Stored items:
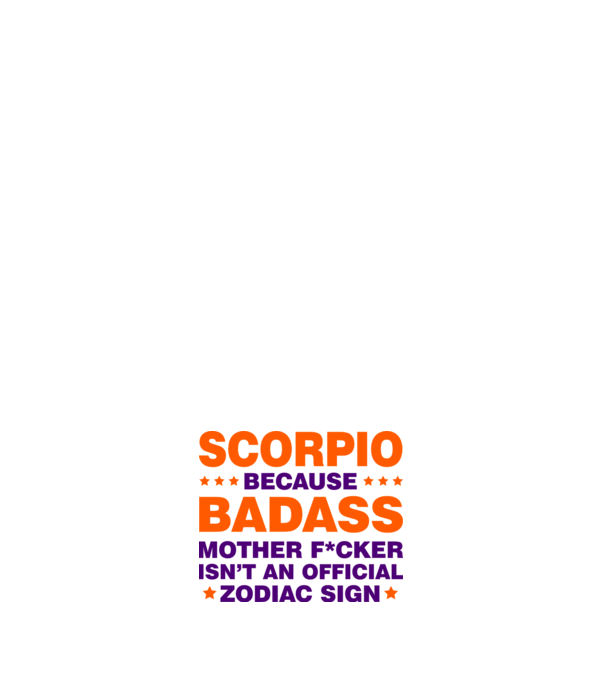Badass zodiac SCORPIO minta világos rózsaszín pólón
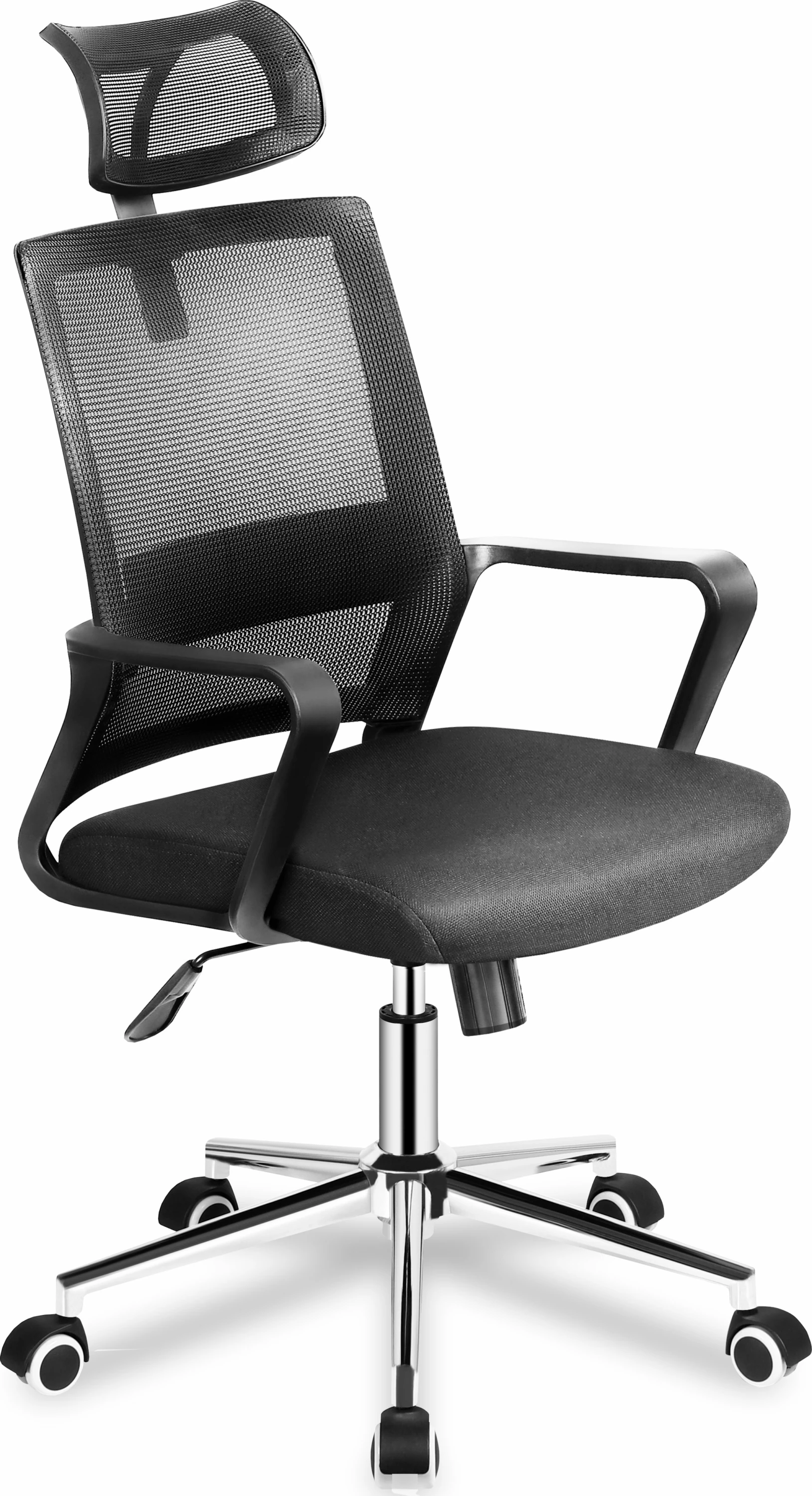 Karrige zyre ergonomike Huzaro Manager 2.1, Mesh HD, me rrota, max 130 kg, e zezë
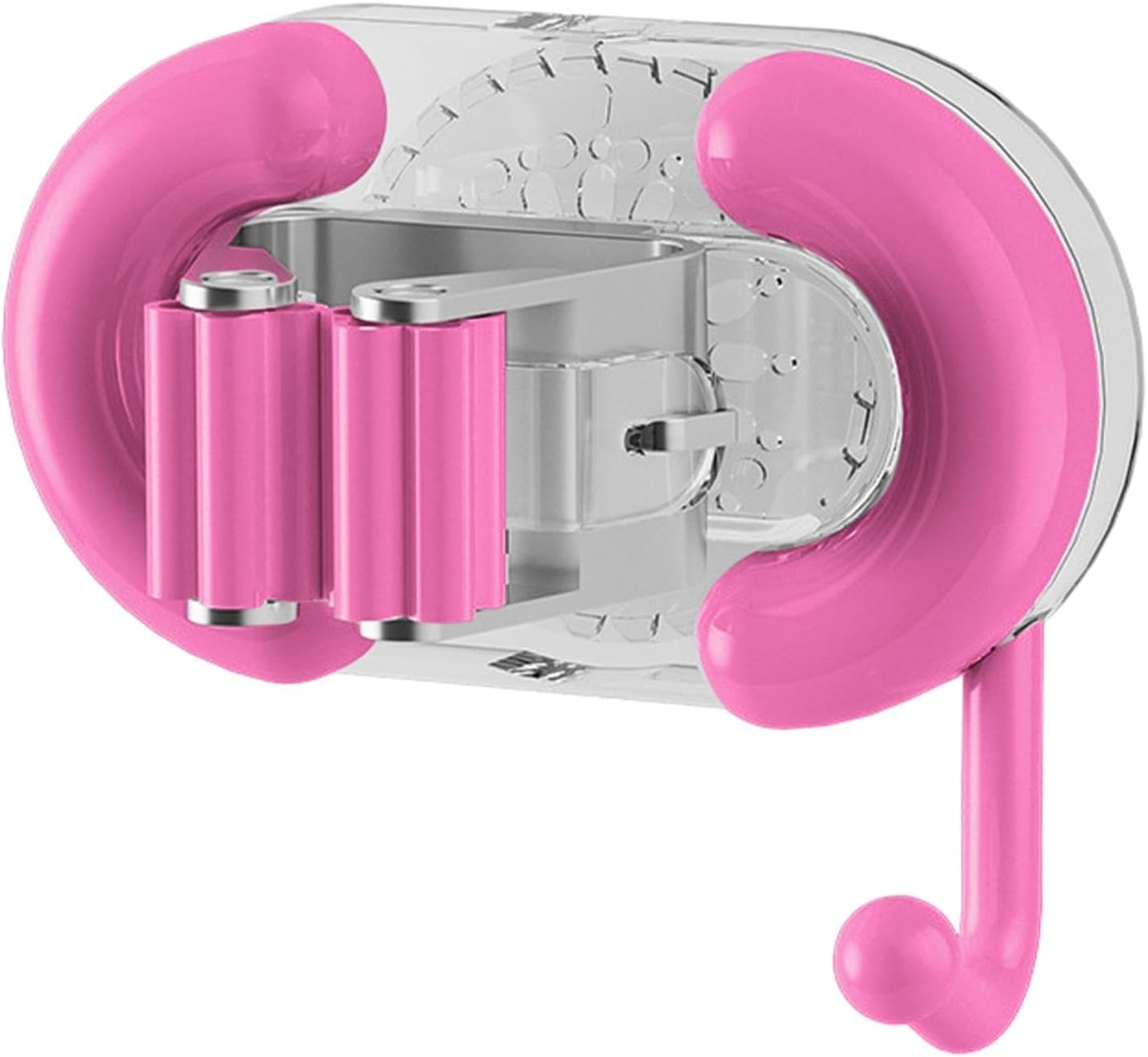 GENERIC Support De Balai à Ventouse, Support De Balai Mural, Support Utilitaire Sans , Fabriqué En ABS, Idéal Pour La Salle De Bain, La Cuisine Et L'organisation Du Garage, Taille 10 X 6 X 6,5 Cm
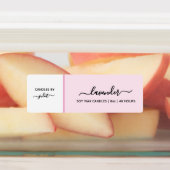 Script Medium Dune Pastelkarsletiket Labels (Aangebracht)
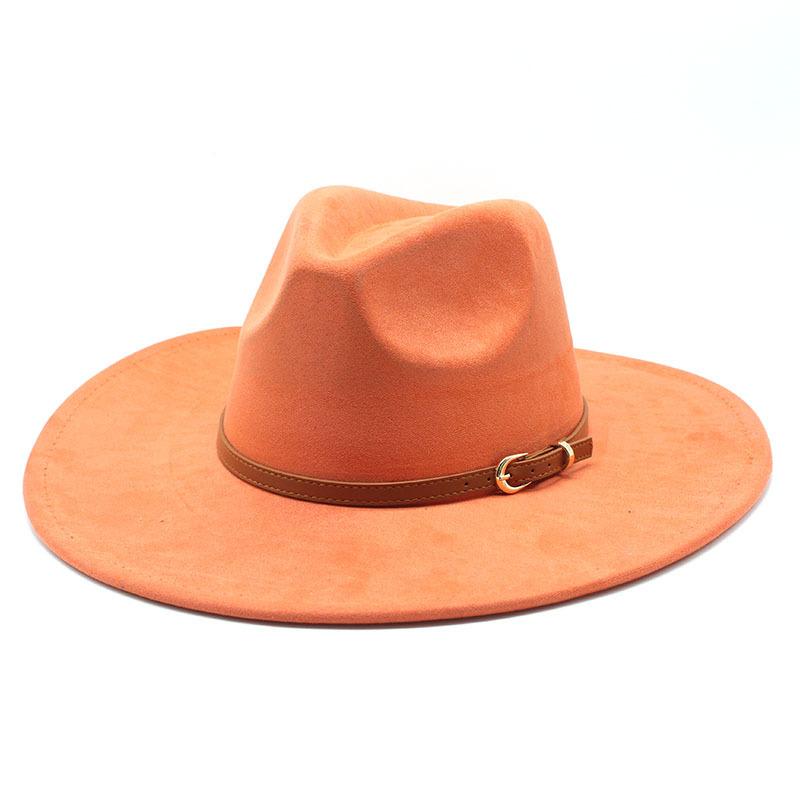 Замшевый цилиндр для мужчин и женщин, большая шляпа с карнизом, плоская кромка, джазовая шляпа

**What to produce**.
What is needed is the exact run of lines from the start of the data through the line with "Karrige zyre ergonomike", both ends included, minus the pictures.

**Response below**.
Badass zodiac SCORPIO minta világos rózsaszín pólón
 Karrige zyre ergonomike Huzaro Manager 2.1, Mesh HD, me rrota, max 130 kg, e zezë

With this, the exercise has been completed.